Infrastructure as Code, or IaC for short, is a fundamental shift in software engineering and in the way Ops think about the provisioning and maintenance of infrastructure. Despite the fact that IaC has established itself as a de facto industry standard for the past few years, many still seem to disagree on its definition, best practices, and limitations.
This article will walk through the evolution of this approach to infrastructure workflows and the related technologies that were born out of it. We will explain where IaC came from and where it is likely going, looking at both its benefits and key limitations.
From Iron to Clouds
Remember the Iron age of IT, when you actually bought your own servers and machines? Me neither. Seems quite crazy right now that infrastructure growth was limited by the hardware purchasing cycle. And since it would take weeks for a new server to arrive, there was little pressure to rapidly install and configure an operating system on it. People would simply slot a disc into the server and follow a checklist. A few days later it was available for developers to use. Again, crazy.

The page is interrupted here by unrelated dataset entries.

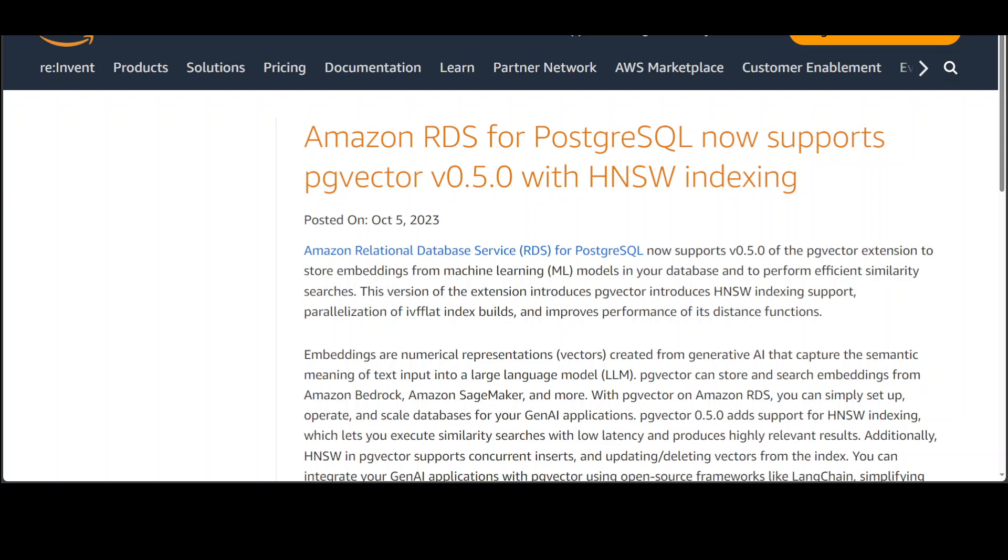In this video, I am going to show you how you can install PG Vector extension in AWS RDS Postgres database. These same instructions will be valid for AWS Aurora Postgres.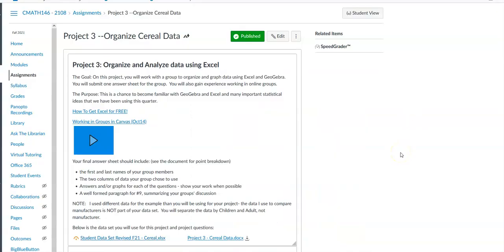Hi, it's Carly McAvoy. I wanted to go over project three in detail because it is confusing. I think you'll have questions, and instead of emailing me asking what did you want on number two or whatever, I will say watch the video because I'm going to talk you through it.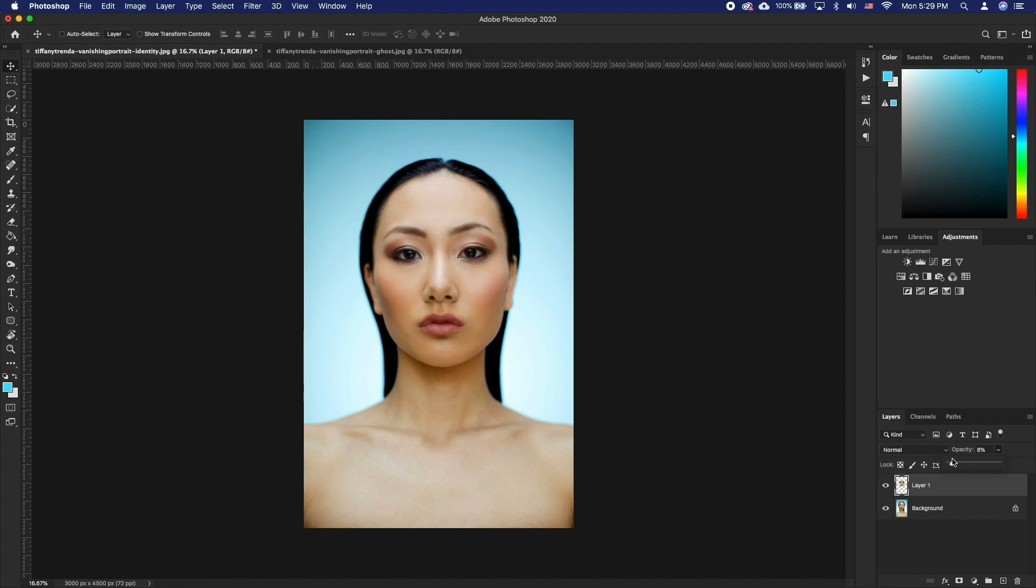You can also lower the layer opacity to make it easier to match the new face to the target's face's eyes and mouth. When done, bring the opacity back up. Now to match the new face's colors to the target photo.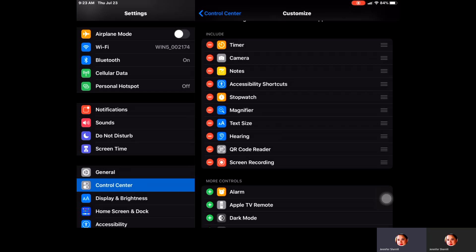In order to get to your control center, you're going to take your finger and slide down over the battery icon and that will bring up what's called your control center.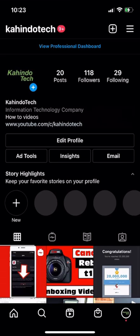Hello and welcome to Kehindo Tech. In this video, I'll show you how to see all the password changes on your Instagram.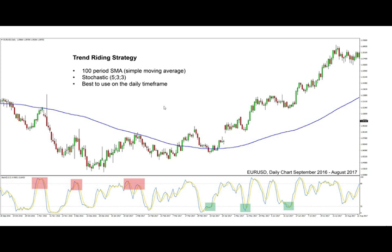For this strategy you're going to need only two basic indicators: the 100 period moving average and the stochastic oscillator. Now let's get into the actual strategy and how to generate signals. We use the moving average — this blue line here — as the trend defining point for the pair. If the price is below the moving average we have a downtrend, and if the price is above the moving average we have a bullish trend or an uptrend.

With the simultaneous launch and widespread adoption of both AWS EC2 and Ruby on Rails 1.0 in 2006, many enterprise teams have found themselves dealing with scaling problems previously only experienced at massive multinational organizations. Cloud computing and the ability to effortlessly spin up new VM instances brought about a great deal of benefits for engineers and businesses, but it also meant they now had to babysit an ever-growing portfolio of servers.
The infrastructure footprint of the average engineering organization became much bigger, as a handful of large machines were replaced by many smaller instances. Suddenly, there were a lot more things Ops needed to provision and maintain and this infrastructure tended to be cyclic. We might scale up to handle a load during a peak day, and then scale down at night to save on cost, because it's not a fixed item. Unlike owning depreciating hardware, we're now paying resources by the hour. So it made sense to only use the infrastructure you needed to fully benefit from a cloud setup.
To leverage this flexibility, a new paradigm is required. Filing a thousand tickets every morning to spin up to our peak capacity and another thousand at night to spin back down, while manually managing all of this, clearly starts to become quite challenging. The question is then, how do we begin to operationalize this setup in a way that's reliable and robust, and not prone to human error?
Infrastructure as Code
Infrastructure as Code was born to answer these challenges in a codified way. IaC is the process of managing and provisioning data centers and servers through machine-readable definition files, rather than physical hardware configuration or human-configured tools. Now, instead of having to run a hundred different configuration files, IaC allows us to simply hit a script that every morning brings up a thousand machines and later in the evening automatically brings the infrastructure back down to whatever the appropriate evening size should be.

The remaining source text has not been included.